Google will sacrifice short term financial gain to have a solid business long term. Their board has long been on notice about that, as has the financial world. They do not operate the way most other businesses do. In fact, Panda absolutely hurt Adsense income - I have no doubt at all about that.
| 7:12 am on Jul 10, 2011 (gmt 0)|
tedster... there is no "radical shift"... g has (then again, this is MY view) gone mainstream towards the bucks as an operation. Panda is only five months old. A wake up call to the leeches, first adopters, those who bought into the dream of a green machine... and that is in money, not climate change. Panda is an ABSOLUTE CHANGE in the way things are done. No short term loss involved as this is a defined path.
I'm on the outside in this issue. I do not use or rely on Google. I dropped any expectation year two of g (three of my sites date back to 1996). As stated elsewhere at WW I've always avoided "eggs in one basket", "diversification is the charm" and "bull through with newspaper, radio and tv spots".

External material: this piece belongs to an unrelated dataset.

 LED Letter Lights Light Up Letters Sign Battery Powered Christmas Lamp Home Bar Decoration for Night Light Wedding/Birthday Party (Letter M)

Google has some pretty smart fellers on payroll... might even fool a few smart fellers here, too. That "sacrifice" sounds a lot like Bell, Railroads, Ford/GM, etc. That "solid business" requires EVERYBODY PAYS to play... but to get the pump primed you give it away first. Then nudge in some charges, then double down and MAKE 'EM PAY. I know I'm beginning to sound like a broken record (and I will stop, soon, perhaps this will be my last post on this) THIS HAS ALL HAPPENED BEFORE.
The LOCAL guys and gals have few choices. This is where it starts.
| 10:53 am on Jul 10, 2011 (gmt 0)|
Absolutely ... a business adoption strategy to fully engage the local directory market online. It was worth multiple billions of $$'s in print form 10-15 years ago across the like of YELP and local newspapers. Many of the participant business were slow to change, but the pressure is now mounting.
In it's fully mature form, e-commerce and local listings have little place in the organic search, because Google will and can provide all the tools with various strategies to attract density through paid search, especially in key verticals.
Organic was the give, to create a market upon which it can take.
Dealing directly with every business on the planet is it's aim. It may take time, but that's where it's aimed. Personally, i don't like enslavement, but in the absence of competition from significant other marketing channels , that's where a lot of folks are headed.
| 11:12 am on Jul 10, 2011 (gmt 0)|
i dont think google are deliberately pushing Adwords at the expense of everything in the SERPs -- because some of the stuff that they have done recently actually seems to hurt Adwords. Remember that map that scrolled over the ads?
What i think they are doing is pushing their own properties ahead of both Adwords and the SERPs. Keeping people on their site will make them more money in the long run, rather than just one click and out through Adwords.
What I dont get is this: if you appear in the local listings than you get a leg up over better sites.
Some of the sites in the local listings do not even have their own website -- the only link they have is straight to google's place page.
So how can google rate them better than the sites in the SERPs? they have no data. backlinks, bookmarks, visits, return visits... all those things that google uses to rate how good a result is, is null and void if the business does not have a website. and yet they still get placed above the good businesses in the SERPs.
of course, the average user doesnt have a clue about stuff like that. but people who follow this kind of thing can see that there are now plenty of ways of getting onto the 1st page without having to build up a quality site.
normal users still assume that the site at the top of the SERPs must be the "best" one, but that is no longer the case. That is the big change with Panda, i reckon. With a bigger concentration on "brands", and top local listings for businesses that dont even have websites, google has decided that famous names and popularity is more important than quality. that is probably what the user wants though.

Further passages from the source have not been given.